It may be a while before I start the actual writing of my second book, but it’s coming – I can promise you that. The entire story exists from start to finish in my head, and prep work is under way.

I can’t just sit down and start a novel. Instead I meander down a twisty road of catharsis before landing at the doorstep of chapter one, and I do that by performing a few practical exercises (and one or two quirky ones as well):

Step one: Purge! I just donated four large garbage bags of clothes to Goodwill. Why my closet still looks stuffed to capacity is anyone’s guess, but the task is complete, and I’ll now move on to digging through drawers. The act of discarding clears a path to creativity.

Step two: Scrapbooking. I make scrapbook pages of images that I see in my mind’s eye. That means tearing out magazine pics of streets, houses, trees, cars, and anything else that may define my character’s environment. It gives me clarity.

Step three: I create a spreadsheet of characteristics for each person in the story. Where they grew up, what their belief systems are, where they went to school (if they went to school), even their favorite colors. Regardless of whether or not the material makes it into the book, it creates solid histories for my key players.
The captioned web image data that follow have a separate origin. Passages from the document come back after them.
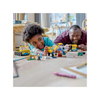 Lego60391 Lego City Construction Trucks & Wrecking Ball Cranepapell.gr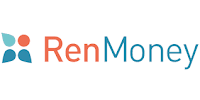 Renmoney loan requirement and reviews: how Renmoney loan works.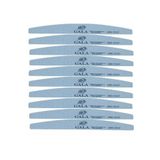 Gala Professional 180/240 10'lu Törpü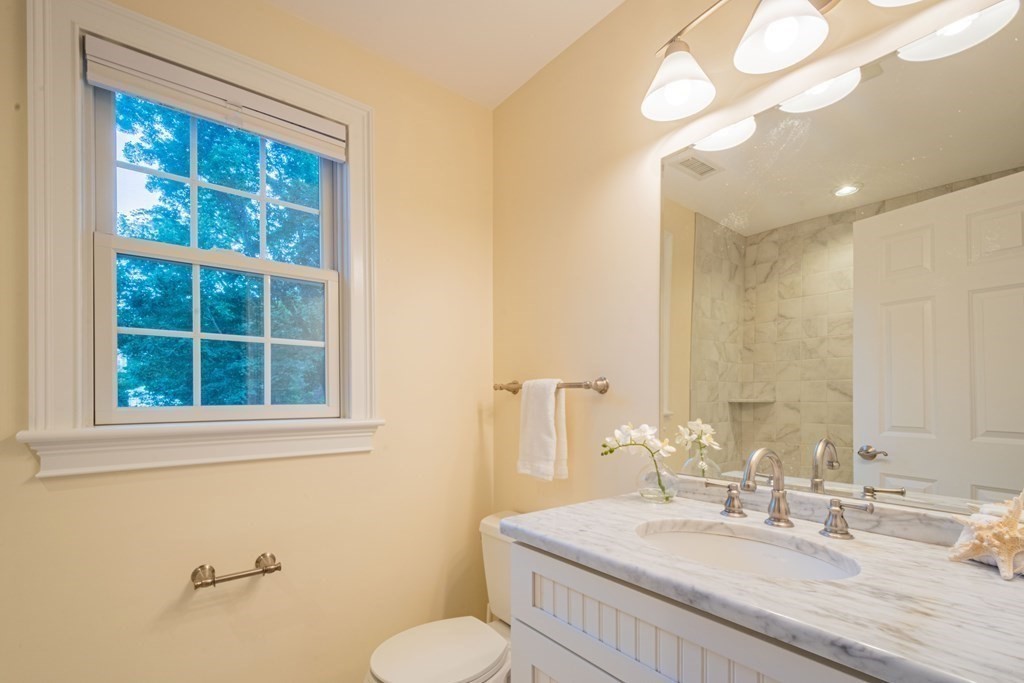 29 Hamblen Street Lexington, MA 02421 - Photo 28 of 42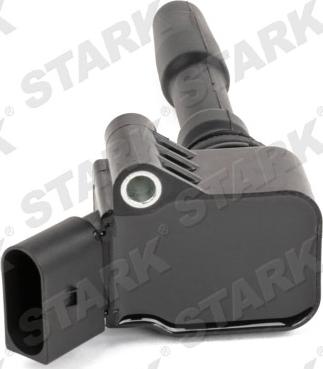 Stark SKCO-0070277 - Alovlanma bobini furqanavto.az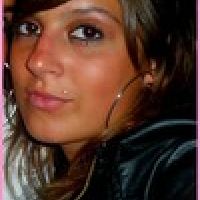 Garde d'enfants a domicile à Montry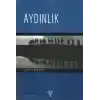 Aydınlık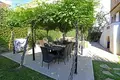 villa de 5 chambres 300 m² en France, France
I can keep them consistent if I know their backgrounds.

Step four: The cast. You’re damned right I do. I choose the actors who’d I’d like to see play my characters, and I stick their pictures in the back of my scrapbook for easy reference. A girl can dream. This exercise is just plain fun. And, by the way, Anne Hathaway has been my choice all along to play Candace Bradford in “CONTROL SWITCH – The Movie.”
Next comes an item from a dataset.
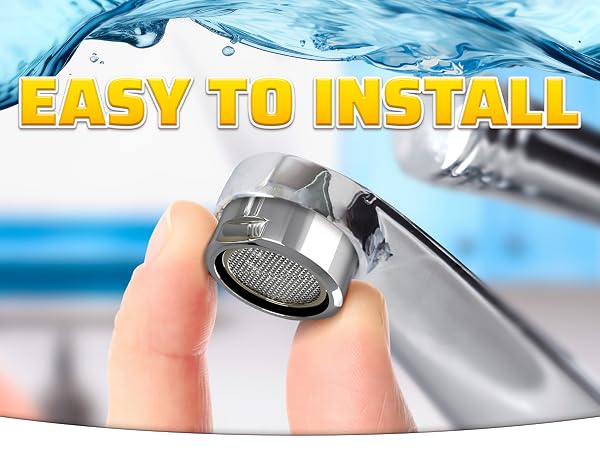bathroom sink faucet aerator replacement kitchen faucet aerator for bathroom faucet aerators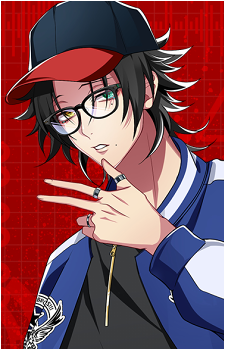 Jiro Yamada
Step five: Build a soundtrack. I compile a playlist on my iPad that relates to the story, and I listen to it when I’m not writing. When I’m writing I need silence. When I’m not, the music keeps me in touch with the process and the characters.
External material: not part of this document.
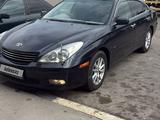 Toyota Windom 2002 годаfor6 200 000 тг. в Алматы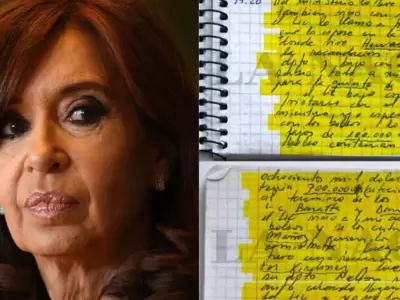 Causa cuadernos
I’ve garnered my list of preparation tips from various writers, mentors, and magazine articles along the way, but every writer has their own unique style when getting ready to dive into a new manuscript. It may seem time consuming to do so much work ahead of time, but you can’t jump into the deep end if you don’t know how to swim. Be open to suggestions and find what works best for you.

Oh, and the most important thing I do before beginning? I come up with the title.